Personal information
- Full name: Jon Clifford Kelly
- National team: Canada
- Born: November 21, 1965 (age 60) Maria, Quebec, Canada
- Height: 1.78 m (5 ft 10 in)
- Weight: 73 kg (161 lb)

Sport
- Sport: Swimming
- Strokes: Butterfly, freestyle, medley
- Club: Victoria Amateur Swim Club

Medal record
Men's swimming
Representing Canada
Commonwealth Games
| Silver medal – second place | 1990 Auckland | 4x200 m freestyle |
| Bronze medal – third place | 1990 Auckland | 400 m medley |
| Bronze medal – third place | 1990 Auckland | 200 m butterfly |

= Jon Kelly (swimmer) =

Canadian swimmer (born 1965)

Jon Clifford Kelly (born November 21, 1965) is a former butterfly swimmer from Canada, who competed for his native country at the 1988 Summer Olympics in Seoul, South Korea.

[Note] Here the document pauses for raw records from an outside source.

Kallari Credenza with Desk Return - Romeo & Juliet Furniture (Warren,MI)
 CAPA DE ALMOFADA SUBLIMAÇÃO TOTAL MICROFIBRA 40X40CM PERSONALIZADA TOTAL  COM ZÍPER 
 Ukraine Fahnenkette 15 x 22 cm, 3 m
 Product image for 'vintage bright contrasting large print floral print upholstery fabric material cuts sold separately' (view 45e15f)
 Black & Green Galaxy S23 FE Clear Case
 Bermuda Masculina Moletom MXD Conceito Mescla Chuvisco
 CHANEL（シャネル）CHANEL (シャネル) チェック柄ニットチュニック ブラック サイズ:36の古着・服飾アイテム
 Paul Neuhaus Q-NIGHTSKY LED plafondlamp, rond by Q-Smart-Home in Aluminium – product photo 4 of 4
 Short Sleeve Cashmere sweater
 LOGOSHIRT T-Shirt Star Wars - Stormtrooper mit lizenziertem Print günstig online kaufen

There he finished in 7th position in the 200-metre butterfly finals, and in twelfth place in the 400-metre individual medley. He won a silver and two bronze medals at the 1990 Commonwealth Games in Auckland, New Zealand. He was inducted into the University of Victoria Sports Hall of Fame in 2006. He was born in Maria, Quebec.